We both knew a tsunami would hit if my mother was not kept on her prescribed anti-psychotic medication.
I struggled to have a good time with my husband on our short trip to Austin. My mind was elsewhere. It was on my mother who suffered from paranoid schizophrenia since she was in her 20s. Paranoid schizophrenia is a horrible disease. We try not to discuss it in polite society. “Break the stigma,” some mental health advocates say. I wish they would come up with a new slogan. BREAK THE DISEASE is what I would like to do. Find a cure is what needs to be cried from the rooftops.
Three words: FIND A CURE!!!!
Another few words: There is a mental health crisis in America! Most people don’t even know it. Most people will be affected by it and pass it every day on the way to work. The dirty, homeless man wandering the streets of downtown alone, the families torn apart because they can’t find help for their mentally ill loved ones who refuse care because of their mental illness. The overcrowded jails, the tax dollars spent on band aids to fix a much larger problem than any of them realize, are all symptoms.
Four words: It is a travesty.
On our way back home to Dallas, we stopped by the hospital to check on my mother.
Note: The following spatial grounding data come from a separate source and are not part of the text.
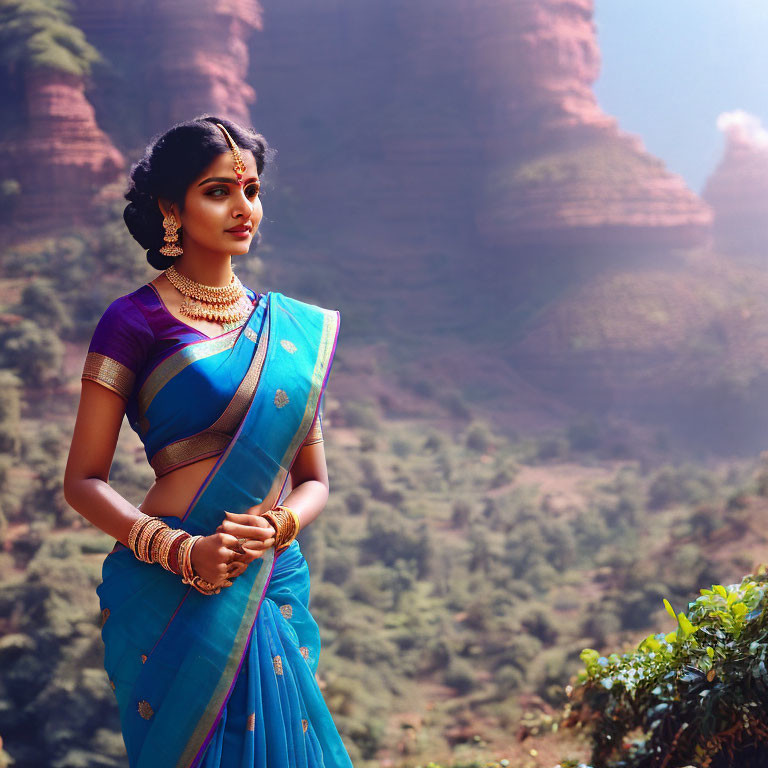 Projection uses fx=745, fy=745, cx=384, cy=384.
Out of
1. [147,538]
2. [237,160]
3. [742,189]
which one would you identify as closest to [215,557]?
[147,538]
As soon as I stood at the entrance to the unit, I could hear her screaming. The nurse I had spoken to only days before was running back and forth from my mother’s room to me.
“What do you do when this happens?” she frantically asked me.
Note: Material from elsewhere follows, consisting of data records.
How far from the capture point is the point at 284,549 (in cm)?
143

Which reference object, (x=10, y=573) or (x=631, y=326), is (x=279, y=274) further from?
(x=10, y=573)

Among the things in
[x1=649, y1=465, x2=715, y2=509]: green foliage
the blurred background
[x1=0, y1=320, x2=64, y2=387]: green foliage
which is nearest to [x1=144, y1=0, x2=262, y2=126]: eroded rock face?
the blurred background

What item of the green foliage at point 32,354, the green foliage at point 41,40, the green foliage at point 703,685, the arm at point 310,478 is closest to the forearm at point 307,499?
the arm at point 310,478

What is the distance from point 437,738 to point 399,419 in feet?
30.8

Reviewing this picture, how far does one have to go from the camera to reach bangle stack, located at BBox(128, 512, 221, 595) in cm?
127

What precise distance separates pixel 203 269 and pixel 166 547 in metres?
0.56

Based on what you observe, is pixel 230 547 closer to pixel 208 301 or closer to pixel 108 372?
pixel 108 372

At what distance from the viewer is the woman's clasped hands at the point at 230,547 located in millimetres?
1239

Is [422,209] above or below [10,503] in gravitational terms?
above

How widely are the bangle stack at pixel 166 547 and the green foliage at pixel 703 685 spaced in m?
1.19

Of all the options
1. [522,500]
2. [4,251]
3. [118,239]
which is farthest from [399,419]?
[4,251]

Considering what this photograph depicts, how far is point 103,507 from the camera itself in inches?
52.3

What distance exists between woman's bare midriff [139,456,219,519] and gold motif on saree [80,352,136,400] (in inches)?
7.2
My heart sank. Mother had been off her medication for three days. It was evident.
As I listened to her loud, persistent cries, I knew there was no way I could help her. There was no way for the nurse to help her.
What do I do when this happens?
“I don’t know what they do! I can’t do a damn thing! She has to go to the psych hospital when this happens!!” I said stunned that this horrible situation had happened and could have been prevented had the doctor returned the phone calls that the nurses made, but he was on vacation.
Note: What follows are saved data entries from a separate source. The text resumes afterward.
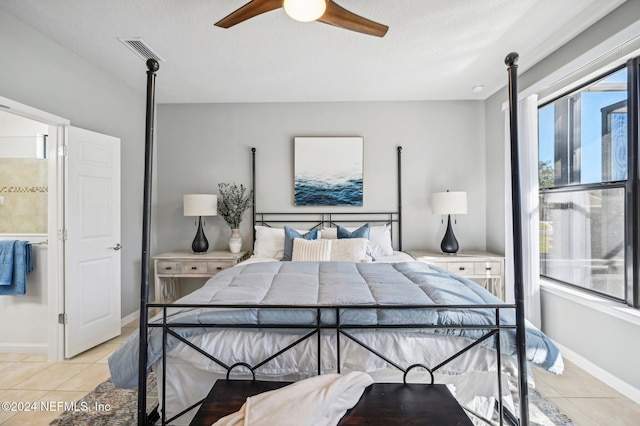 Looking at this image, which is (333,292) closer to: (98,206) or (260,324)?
(260,324)

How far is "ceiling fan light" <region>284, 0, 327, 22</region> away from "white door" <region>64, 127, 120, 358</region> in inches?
88.1

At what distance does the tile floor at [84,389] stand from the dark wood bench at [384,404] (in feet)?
4.24

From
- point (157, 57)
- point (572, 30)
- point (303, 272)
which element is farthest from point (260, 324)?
point (572, 30)

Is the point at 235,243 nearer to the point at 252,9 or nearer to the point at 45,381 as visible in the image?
the point at 45,381

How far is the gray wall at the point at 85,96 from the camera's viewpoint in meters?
2.35

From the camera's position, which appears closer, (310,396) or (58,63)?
(310,396)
That simple event of the lack of necessary medications caused a spiral effect. Mother, of course, continued to spiral down due to more delusions, paranoia and hallucinations. No talk therapy could have helped her at this moment. No amount of prayer was going to cure my mother from the severe anxiety she was going through.
Nothing but medication was going to help my mother. Not only did my mother have to suffer, but so did the hospital staff as they desperately tried to ease her pain. It took valuable resources that could have been used on people who were physically ill. It caused distress on other patients who had to hear my mother’s screams. It caused her family anxiety and depression because there was absolutely nothing that could be done. Nothing! As I bang my computer keys to relive this story and its pain, I don’t care that my apartment is a mess or that I desperately need to bathe and comb my hair. I don’t care about me at all in this moment because I don’t tell my mother’s story lightly. There are repeated events in my childhood and adult years that distressed me, but this story is not about me! It’s about you.! It’s about your neighbor and your family. It’s about your community and the first responders, the homeless who will be walking aimlessly down the street looking for anything to pacify the hallucinations, the people who will end up in jail chained to their bed because all they needed was their medication.
I worry and pray for everyone involved with Hurricane Harvey, but I mostly worry about the mentally ill patients and society’s misunderstandings about the importance of their medication. There are many who will need their medications immediately to survive, but there is also an IMMEDIATE need for the government officials to address those who need their medications to stay sane.